Yaşlandım mı, yoksa son zamanlarda üzerinde durduğum etnopedagoji bahsi midir, bilmem, hemen de çocukluğuma dönüyorum. Gösterideki Kafkas gençlerinin akrobatik folk-dans yaparken sergiledikleri bıçakların dansı beni aldı çocukluğuma götürdü. Bıçak, en çok kullandığımız çocukça oyuncaklarımız arasındaydı.
Çocukluğum beni karma karışık ediyor. Gurur duyduklarım, üzüntülerim, acılarım, sevinçlerim, çılgınlıklarım, gizli saklılarım…
Sıkı durun, çalışma hayatı bizim köyde 5 yaşında başlardı. O yaşta çalışmak ne çocuk haklarına aykırıydı ne de zulüm sayılırdı. Yılların eğitimcisi olarak, şimdiki aklımla harika bir eğitim olduğunu düşünüyorum. Gücümüzün yettiği her işi yaptırırlardı. İlk iş kaz otlatmaktı. Sonra mal-davar. Koyun otlatmak biraz daha uzmanlık gerektiriyordu; daha bir yorucuydu.
Köyün bütün çocukları hayvanları birbirine katar, akşama kadar çılgınca eğlenirdik. Kırlarda, çalılıklarda, dere-tepede takım oyunlarından bireysel oyunlara, güreşten bıçak atmaya, taşlardan kulübe yapmaktan artaşanda fındık kırmaya kadar yüzlerce oyun… Yorulunca herkes bıçağını çıkarıp ormandan kestiği çalı çırpıdan bir şeyler yapardı: Düdük, ıslık… Değnek süslemek, değnek kavurup kıpkızıl topuzlu bir değnek imal etmek ne müthiş eğitim çalışmalarıydı. Ateşte düzeltilmiş, kanevüz gibi kıpkırmızı bir değnekle dolaşmanın havası da bir başkaydı. Herkes kendi imal ederdi. 8-10 yaşlarında vahşi doğada (çok da vahşi değildi :) ) dağlarda, başında büyükleri olmayan çocuklardan söz ediyorum. Akşam eve dönüşte kuru odunlardan bir “arka” yapmak, onlar için fındık filizlerini büküp urgan elde etmek…
Küfür söylediğimiz kavga ettiğimiz de olurdu. Hiçbir çocuk anasına sövdürtmezdi, bu kesinlikle kavga sebebiydi. Döver-dövülürdük, biraz sonra aynı takımda olur, takımımızın kazanması için birlikte mücadele ederdik.
Dağıstanlı gencin akrobatik bıçak atmaları salondan çılgınca alkış alırken ben telef olduğumu düşündüm.

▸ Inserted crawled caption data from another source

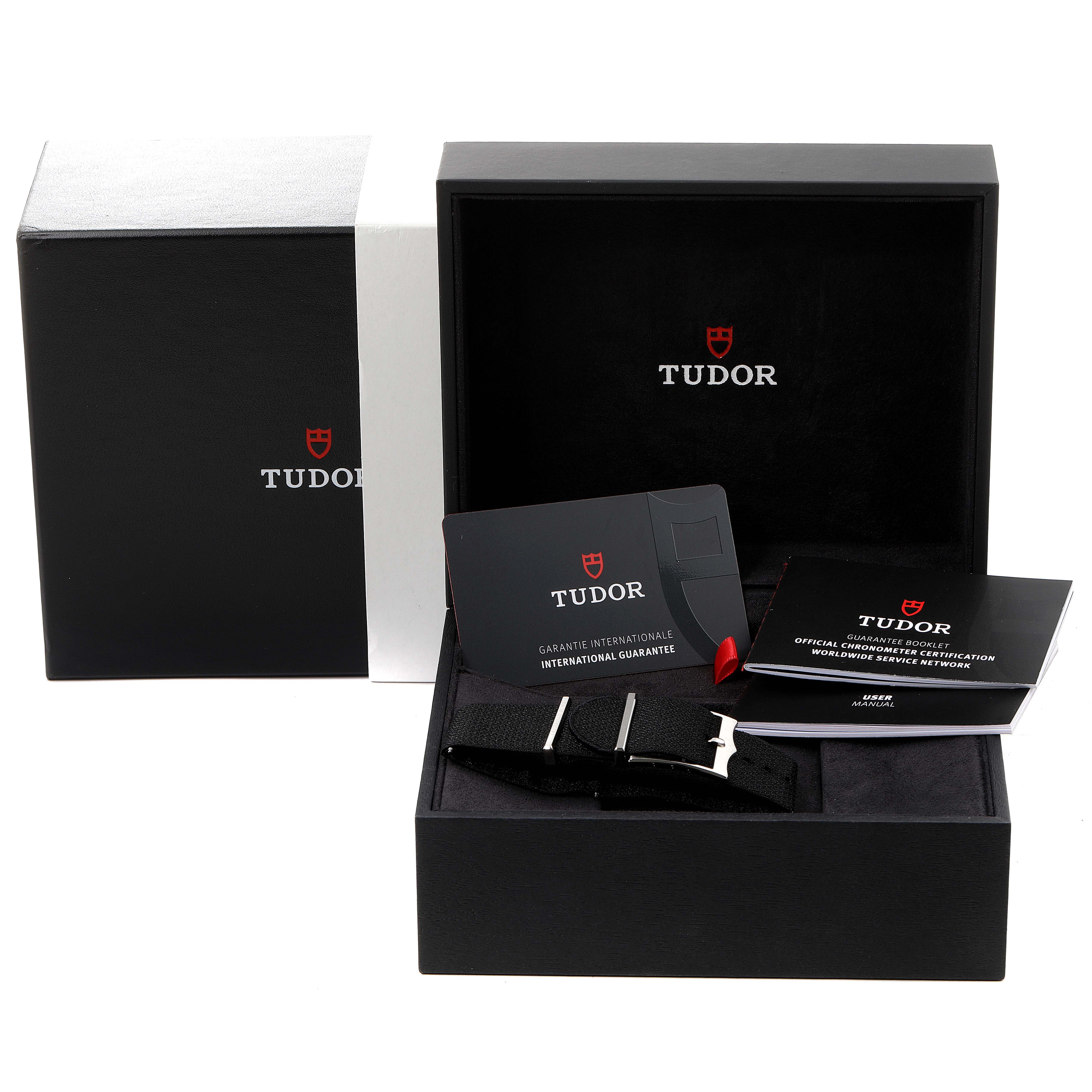 The image shows the Tudor Heritage Black Bay 79230G Men's Stainless Steel Black Dial 79230G Men's Stainless Steel Black Dial watch packaging, including warranty cards, manuals, and an additional strap.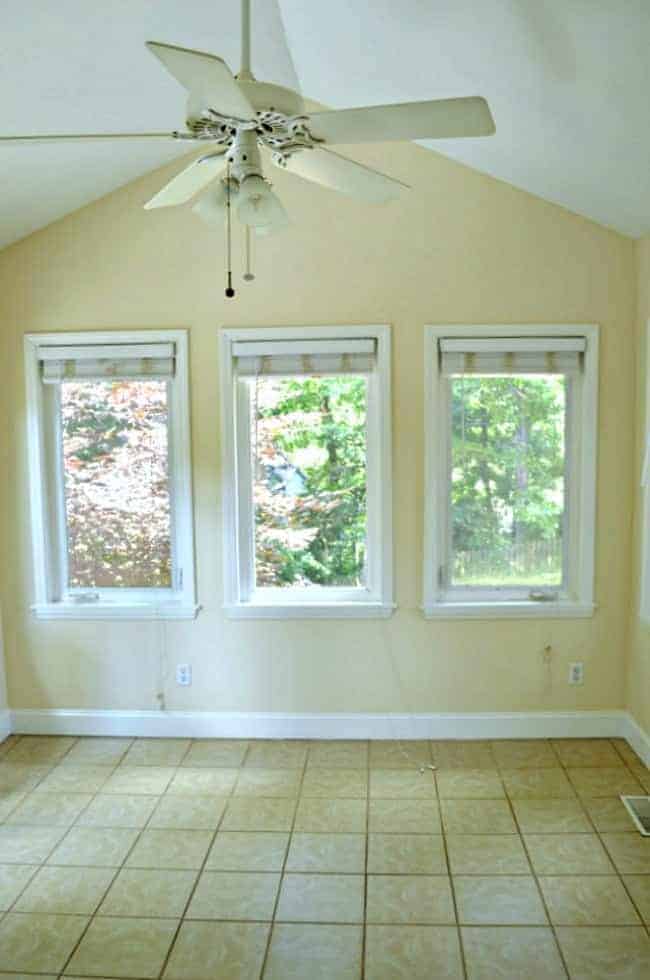 A sunroom makeover before pic of the yellow walls and broken ceiling fan.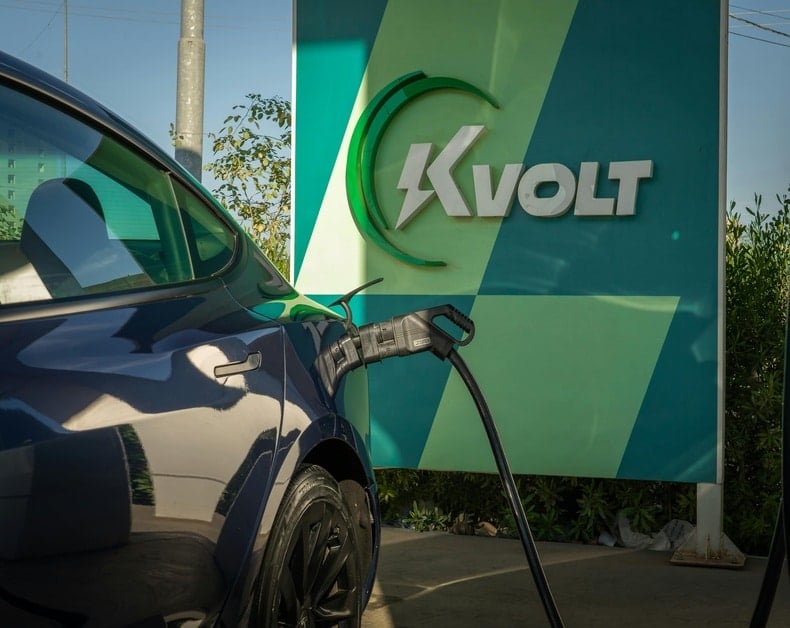 Electric car plugged into a charging station with a bold KVolt sign in the background.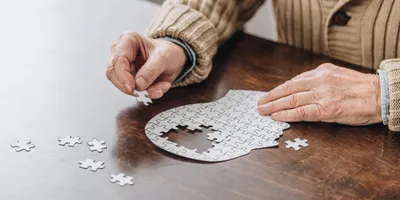 cropped view of senior man playing with a puzzle of a head, with part of the skull missing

Yere ve ağaca bıçak saplamada ne numaralarım vardı bilseniz… Yıllardır yapmadım... Bıçak bizde demirbaştı, her adamda ve küçük adamda bulunurdu. Sadece bıçak olarak kullanılırdı. Sakin bir toplumduk, bizde adam biçen olmazdı. Kavga sadece çocukken edilirdi; kavga etmemeyi öğretirlerdi. Ama İstiklal Harbine km2 başına en fazla asker gönderen de bizim eldi. Şehitleri bilmem ama 350’nin üstünde resmi gazimiz varmış. Beceri eğitiminde kimse köylü çocuklardan üstün olamaz hele ki bizim köylülerden daha mahir değildir.
Sanata kesinlikle zaman ayırmak ve tüketmek lazım.